LISTED RECORDS.
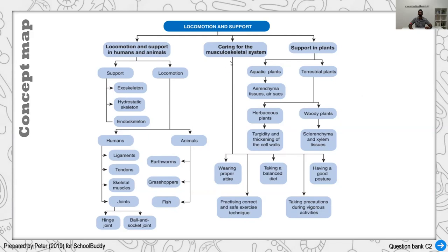To maintain our musculoskeletal health, we must wear proper attire. When lifting something heavy, ensure good posture. Take a balanced diet — more calcium and vitamin D is required. Practice safe exercise techniques, and when doing vigorous exercise, take note of your posture and structure.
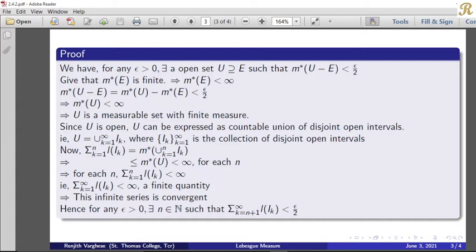The infinite series sigma k equal to 1 to infinity of length of I_k is convergent, and less than infinity. Therefore, since this infinite series converges, for any epsilon greater than 0, there exists a natural number N such that sigma k equal to N plus 1 to infinity of length of I_k is less than epsilon by 2.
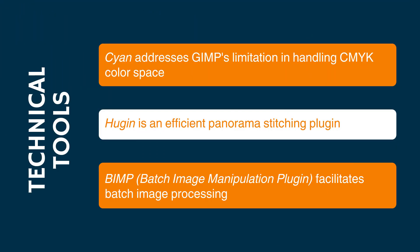Next are the technical tools. Cyan addresses GIMP's limitation in handling CMYK color space, providing a standalone conversion program. Hugin, an efficient panorama stitching plugin, complements GIMP's capabilities. And BIMP, or batch image manipulation plugin, facilitates batch image processing.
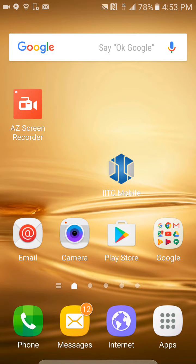Hey guys, Papa Smurphy here, gonna walk you through a couple of the tips and tricks for IITC mobile.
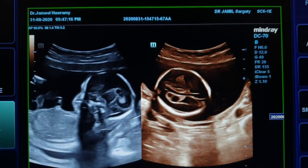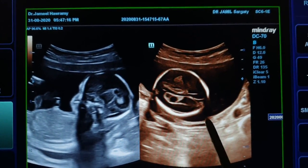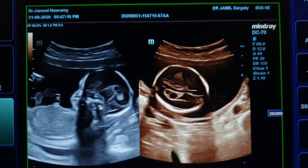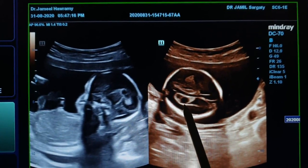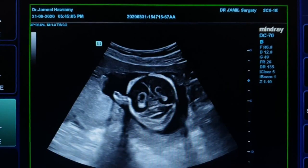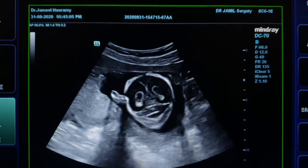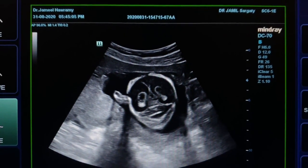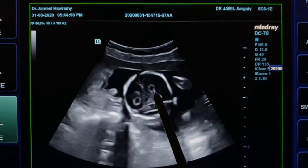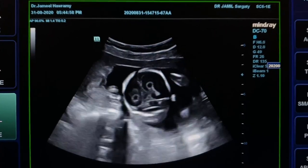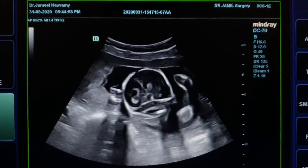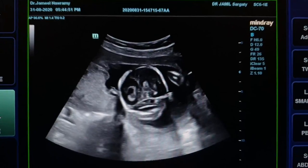Obstetrical ultrasound transverse section and sagittal section of the fetal head showing a choroid plexus cyst. In another scan, a short clip showing bilateral choroid plexus cysts.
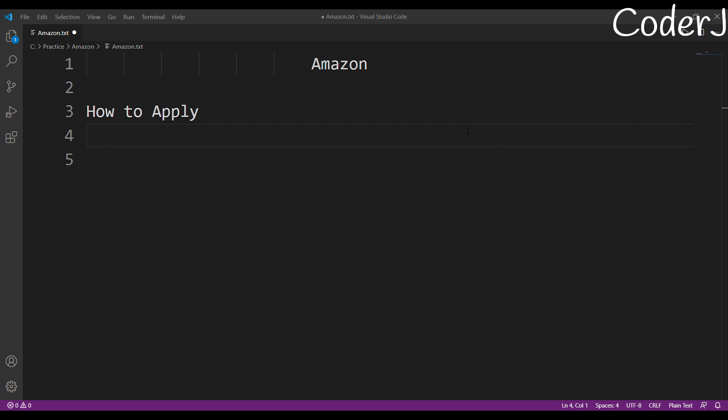So most of us have been applying to Amazon without having one of these things and that's why we don't hear any response from them. So this is the issue.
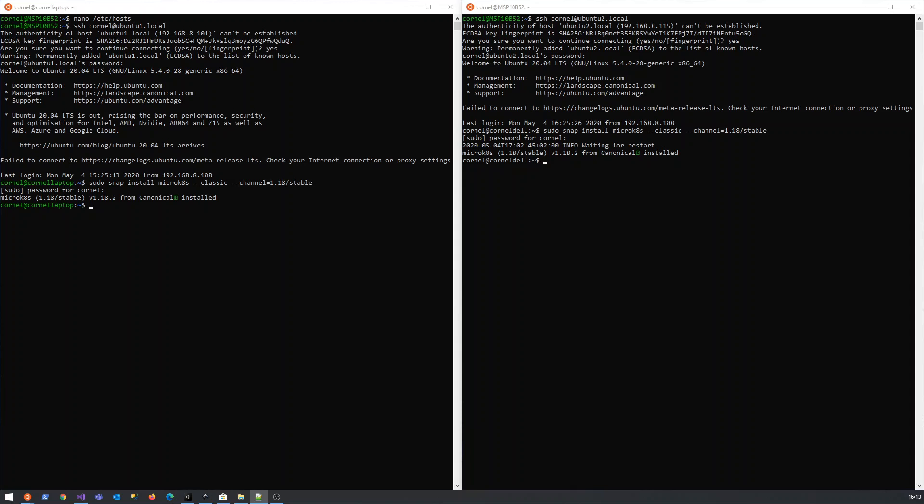The very next section of the installation is that in general you need to be super user to run kubernetes commands, but we want to be able to run the kube control commands and the micro kubernetes commands without being super user.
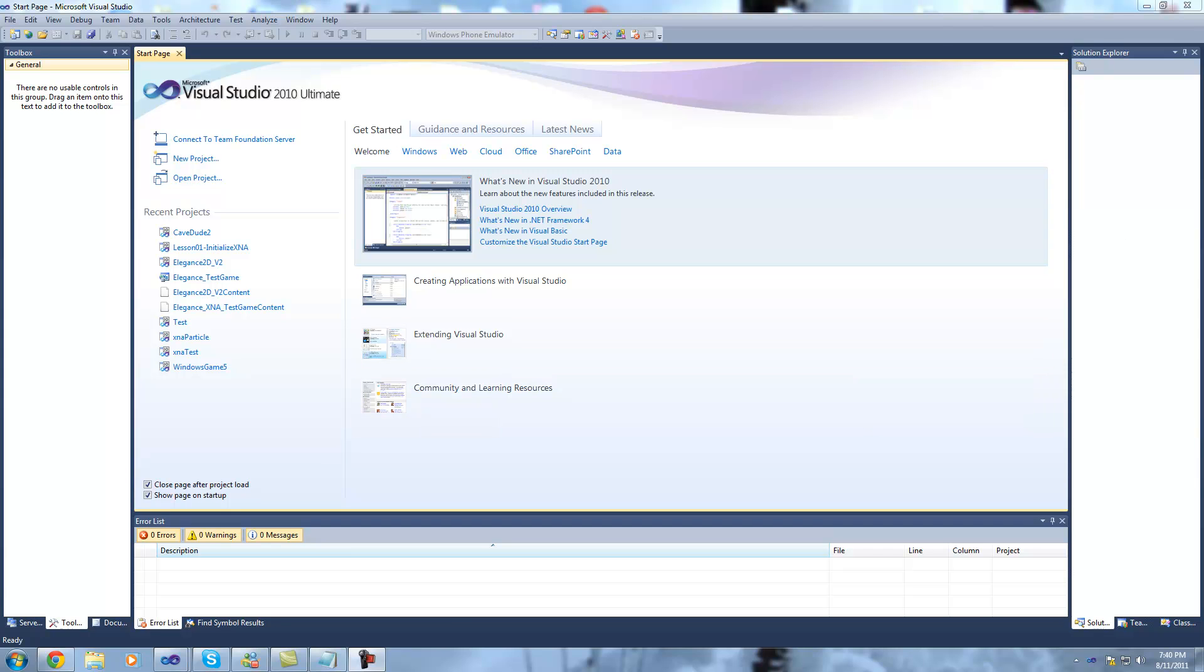Hi and welcome to lesson 1 of my series of XNA tutorials. This is going to be initializing XNA in a Visual Basic 2010 project. This is RM2K Dev and you can find more lessons at www.xnatutor.com. For this lesson we'll be using Microsoft Visual Studio 2010 and XNA 4.0.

TASK TO CARRY OUT. In your copy, restate the data above word for word but leave out any picture.

OUTPUT OF THE TASK.
To maintain our musculoskeletal health, we must wear proper attire. When lifting something heavy, ensure good posture. Take a balanced diet — more calcium and vitamin D is required. Practice safe exercise techniques, and when doing vigorous exercise, take note of your posture and structure.
The infinite series sigma k equal to 1 to infinity of length of I_k is convergent, and less than infinity. Therefore, since this infinite series converges, for any epsilon greater than 0, there exists a natural number N such that sigma k equal to N plus 1 to infinity of length of I_k is less than epsilon by 2.
Next are the technical tools. Cyan addresses GIMP's limitation in handling CMYK color space, providing a standalone conversion program. Hugin, an efficient panorama stitching plugin, complements GIMP's capabilities. And BIMP, or batch image manipulation plugin, facilitates batch image processing.
Hey guys, Papa Smurphy here, gonna walk you through a couple of the tips and tricks for IITC mobile.
Obstetrical ultrasound transverse section and sagittal section of the fetal head showing a choroid plexus cyst. In another scan, a short clip showing bilateral choroid plexus cysts.
So most of us have been applying to Amazon without having one of these things and that's why we don't hear any response from them. So this is the issue.
The very next section of the installation is that in general you need to be super user to run kubernetes commands, but we want to be able to run the kube control commands and the micro kubernetes commands without being super user.
Hi and welcome to lesson 1 of my series of XNA tutorials. This is going to be initializing XNA in a Visual Basic 2010 project. This is RM2K Dev and you can find more lessons at www.xnatutor.com. For this lesson we'll be using Microsoft Visual Studio 2010 and XNA 4.0.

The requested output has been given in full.